Just to finish it? For the gamerscore? Answers that are equally valid and asinine. Level two of Alekhine's Gun was too much for me as it could not tell the difference between requiring the player to be clever and making the solution to a problem needlessly obscure. One example: the first objective is to place a bug on the target's hotel room phone. The room is of course guarded so I could not walk right in so I made the logical leap to pick the lock to the room next door and climb out on the balcony, then jump across the gap and  sneak into the target room the back way.

You know, something that you have done and seen a million times.

No. The game would not allow this, only instead of giving me a reason it broke its own rules to prevent it. The guard was quite a ways away and was not looking in the direction of the room that I was trying to break in to. He should not have been able to see me. He did, walking over to shoo me away.

Because I am an insufferable dick I tried the same thing on the other side of the floor, placing a partition between me and the guard. He still 'saw' me and prevented me from breaking into a room that had nothing to do with my objective. Out of frustration I ran back to my target's room and dashed through the door while the guard who could see through walls took his sweet time to get back to his post. I managed to kill a second guard who was inside, stash his body and place the bug before the super guard made it back to his post.

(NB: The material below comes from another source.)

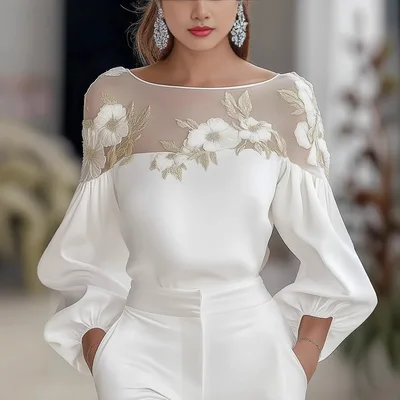 Long Sleeve Round Neck Mesh Stitching Digital Printed Chiffon Shirt Top White - Shop at LoveMi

When he did make it back he allowed me to walk out of the room that he didn't want to let me walk into with barely a second look.

Fuck this game. Fuck it,

Alekhine's Gun did not have to follow its rules so neither do I. I turned it off, placed it back into its envelope and bid it fond farewell. Good riddance. Some genre's are more easily enjoyable, in an ironic way, than others. Bad first person shooters can be a riot. Broken fighting games, equally so. But bad stealth games? No thanks.